• _Work order_:
Restate, word for word and with no pictures, the stretch of lines in the data below that begins at the line with "9 Piece Dining" and ends at the line with "Sweater / Blue / S", inclusive.

----------

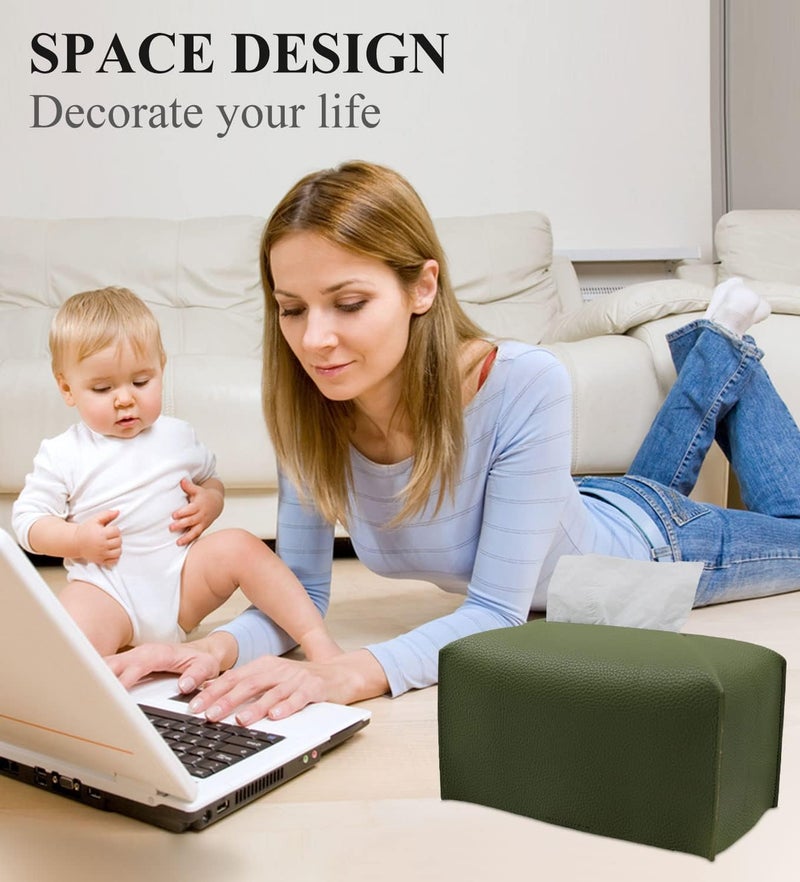 Livelab Tissue Box Cover, Rectangular Modern Decorative PU Leather Tissue Box Case Organizer Holder for Vanity Countertop, Night Stands, Livingroom, Office Desk & Car 9.5X5X5'' | Olive Green - Image 5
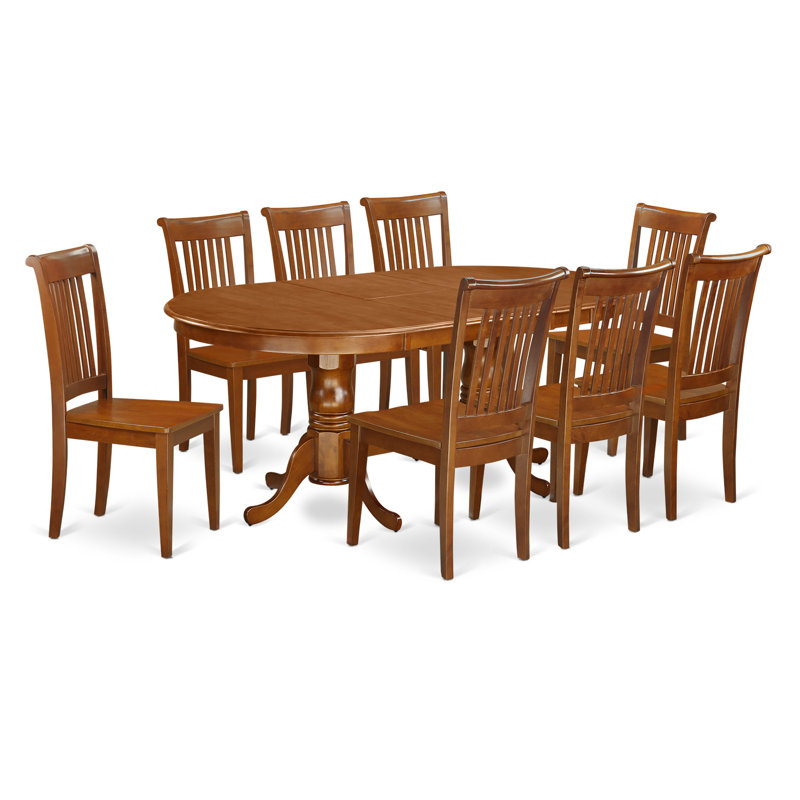 9 Piece Dining Set Includes an Oval Kitchen Table with Butterfly Leaf and 8 Dining Chairs, Saddle Brown, Wooden Seat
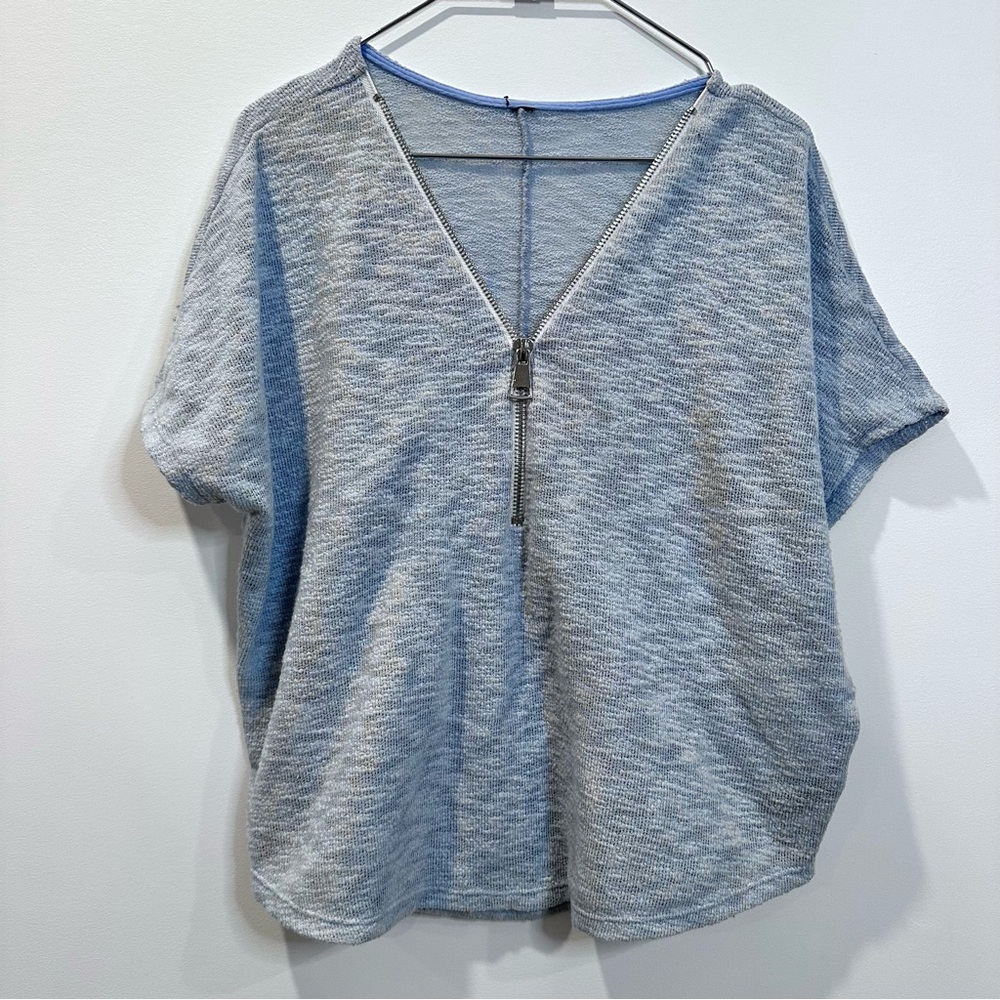 🛍️4 for 20$ / Dolman Short Sleeve Front Zip Sweater / Blue / S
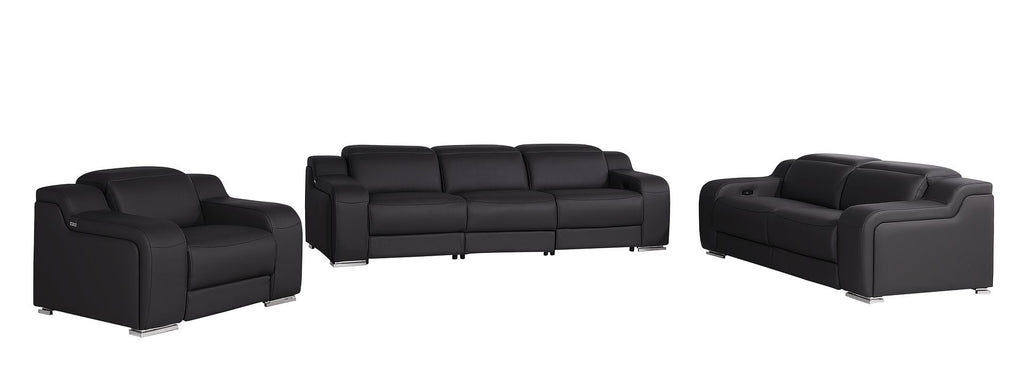 1116 Divanitalia 6-Piece Modular Power Reclining Sofa, Loveseat & Chair Set in Top Grain Italian Leather with 6 Power Recliners & Power Headrests - Black - SKU 1116-BLACK-6.6-HT-3PC - view 3
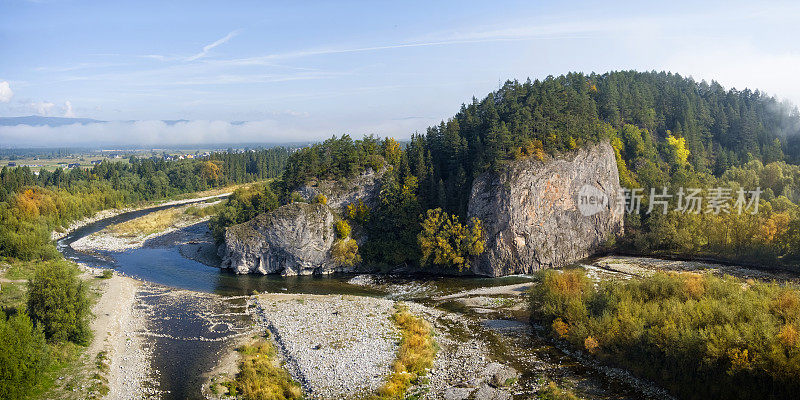 在波兰度假- Białka河峡谷的鸟瞰图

----------

• _Your response_:
 9 Piece Dining Set Includes an Oval Kitchen Table with Butterfly Leaf and 8 Dining Chairs, Saddle Brown, Wooden Seat
 🛍️4 for 20$ / Dolman Short Sleeve Front Zip Sweater / Blue / S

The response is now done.